至此,我们实现了单张图像的所有业务逻辑。

多线程计算所有图像结果

通过multiprocessing启动一个进程池来加速结果计算。

def eval_multiprocessing(img_ids):
    from multiprocessing import Pool
    pool = Pool(processes=16)

    results = pool.map(eval_pr, img_ids)
    # 关闭进程池,表示不再接受新的任务
    pool.close()

    # 等待所有任务完成
    pool.join()
    return np.sum(np.array(results), axis=0)

计算PR结果

返回所有图像的TP和FP结果之后,就可以计算precision和recall值了。

gt, tp, fp = eval_multiprocessing(img_ids)
eps = np.finfo(np.float32).eps
recalls = tp / np.maximum(gt, eps)
precisions = tp / np.maximum((tp + fp), eps)

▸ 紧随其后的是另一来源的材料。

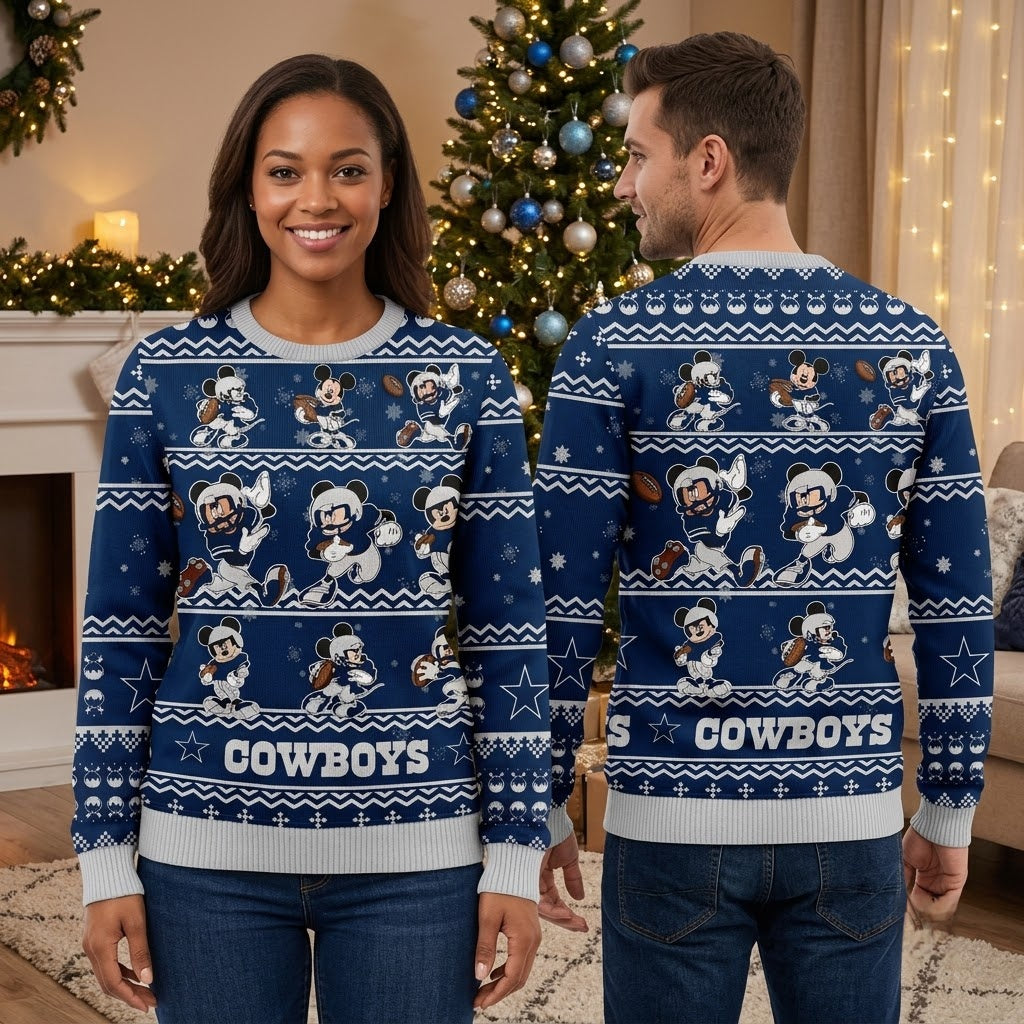 Dallas Cowboys Mickey Mouse Football Player Ugly Christmas Sweater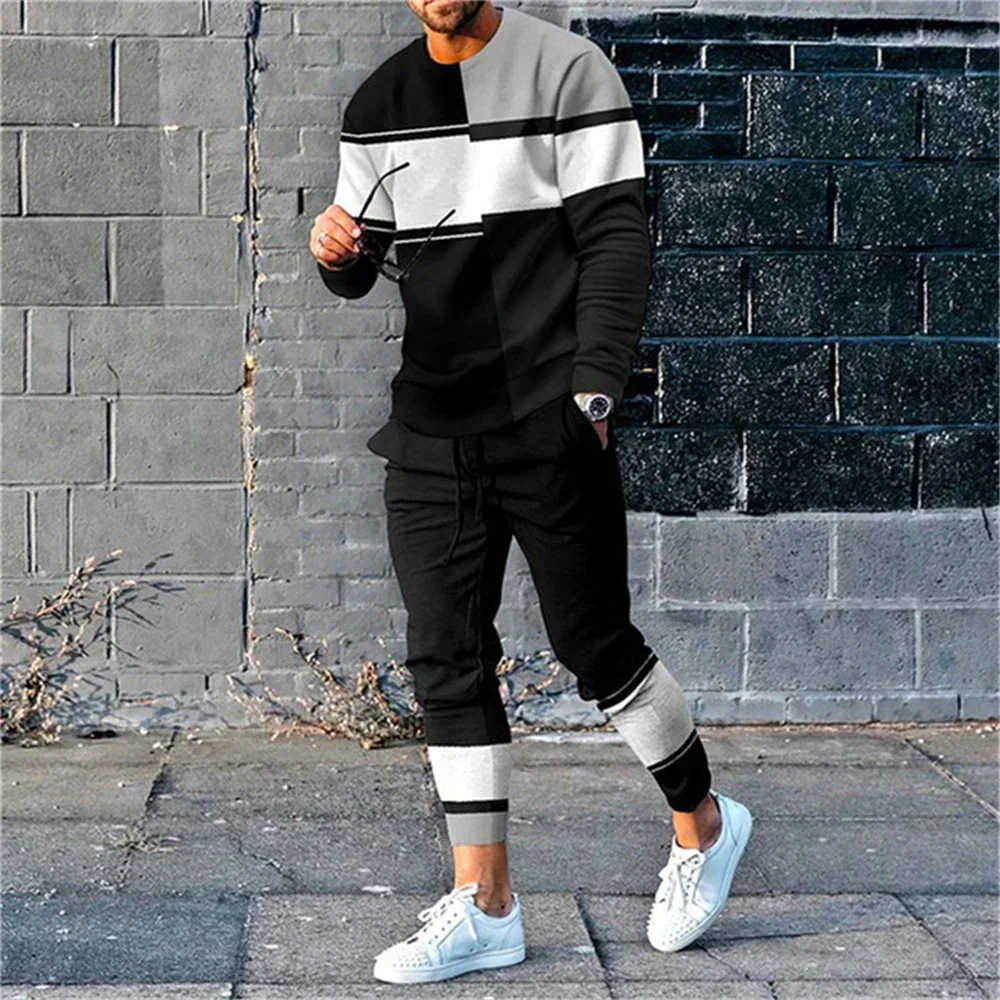 

2023 New Men's 2 Piece Set Trousers Tracksuit 3D Printed Autumn Joggers Long Sleeve T Shirt+Pants Casual Street Sport Clothes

print("conf_thrs:{:.3f} iou_thrs:{:.3f}, gt:{:d}, TP={:d}, FP={:d}, P={:.3f}, R={:.3f}".format(conf_thrs, iou_thrs, gt, tp, fp, precisions, recalls))

最后,也附上整个实现代码,方便后续复现或者参考。

from multiprocessing import Pool
import os
import numpy as np
import json
from pycocotools.coco import COCO
import cv2
from pycocotools import mask as maskUtils

def bbox_overlaps(bboxes1, bboxes2, mode='iou'):
    """Calculate the ious between each bbox of bboxes1 and bboxes2.

    Args:
        bboxes1(ndarray): shape (n, 4)
        bboxes2(ndarray): shape (k, 4)
        mode(str): iou (intersection over union) or iof (intersection
            over foreground)

    Returns:
        ious(ndarray): shape (n, k)
    """

    assert mode in ['iou', 'iof']

    bboxes1 = bboxes1.astype(np.float32)
    bboxes2 = bboxes2.astype(np.float32)
    rows = bboxes1.shape[0]
    cols = bboxes2.shape[0]
    ious = np.zeros((rows, cols), dtype=np.float32)
    if rows * cols == 0:
        return ious
    exchange = False
    if bboxes1.shape[0] > bboxes2.shape[0]:
        bboxes1, bboxes2 = bboxes2, bboxes1
        ious = np.zeros((cols, rows), dtype=np.float32)
        exchange = True
    area1 = (bboxes1[:, 2] - bboxes1[:, 0] + 1) * (bboxes1[:, 3] - bboxes1[:, 1] + 1)
    area2 = (bboxes2[:, 2] - bboxes2[:, 0] + 1) * (bboxes2[:, 3] - bboxes2[:, 1] + 1)
    for i in range(bboxes1.shape[0]):
        x_start = np.maximum(bboxes1[i, 0], bboxes2[:, 0])
        y_start = np.maximum(bboxes1[i, 1], bboxes2[:, 1])
        x_end = np.minimum(bboxes1[i, 2], bboxes2[:, 2])
        y_end = np.minimum(bboxes1[i, 3], bboxes2[:, 3])
        overlap = np.maximum(x_end - x_start + 1, 0) * np.maximum(y_end - y_start + 1, 0)
        if mode == 'iou':
            union = area1[i] + area2 - overlap
        else:
            union = area1[i] if not exchange else area2
        ious[i, :] = overlap / union
    if exchange:
        ious = ious.T
    return ious

def mask_wraper(bboxes1, bboxes2, mode='iou'):
    rows = bboxes1.shape[0]     # gt
    cols = bboxes2.shape[0]     # det
    ious = np.zeros((rows, cols), dtype=np.float32)
    if rows * cols == 0:
        return ious
    for i in range(rows):
        for j in range(cols):
            iou = mask_overlaps(bboxes1[i], bboxes2[j])
            ious[i, j] = iou
    return ious

def mask_overlaps(bboxes1, bboxes2, mode='iou'):

    assert mode in ['iou', 'iof']

    bboxes1 = bboxes1.astype(np.bool_)
    bboxes2 = bboxes2.astype(np.bool_)
    
    intersection = np.logical_and(bboxes1, bboxes2)
    union = np.logical_or(bboxes1, bboxes2)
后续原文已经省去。